One of the core tenets of a prudent investment process is to diversify clients’ investment portfolios across asset classes. Asset allocation is where most of a portfolio’s performance is determined–not securities selection. Lately, some of the smartest thinkers have been recommending allocations to a much broader array of asset classes, in order to take advantage of lower correlations among some of the less typical investments and in the hope of a higher risk-adjusted return.
DoubleLine Funds Trust has filed to launch a new actively-manage fund, DoubleLine Multi-Asset Growth Fund, “with the potential for capital appreciation, but may also seek to control risk by broad diversification among asset classes, market and economic sectors, and issuers.” The preliminary filing adds that, “The Fund’s portfolio will be actively managed, and the allocation of the Fund’s assets to asset classes, market sectors, and issuers will change over time, sometimes rapidly.”
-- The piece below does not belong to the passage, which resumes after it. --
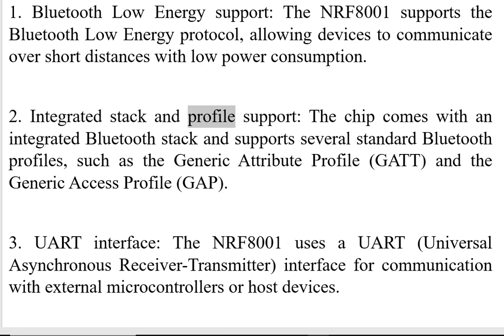Two, Integrated Stack and Profile Support. The chip comes with an integrated Bluetooth stack and supports several standard Bluetooth profiles, such as the Generic Attribute Profile and the Generic Axis Profile.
DoubleLine Multi-Asset Growth Fund will be managed by the company’s CEO, Jeffrey E. Gundlach, President, Philip A. Barach, and Luz M. Padilla, Bonnie Baha and Samuel Garza.
The fund’s broad mandate will allow it to make “make any investment or use any investment strategy consistent with applicable law,” including short sales, derivatives, exchange traded funds or notes, investment pools, closed- or open-end funds, in any country. There are no limits on allocations to specific assets or countries, making it a go-anywhere type of fund.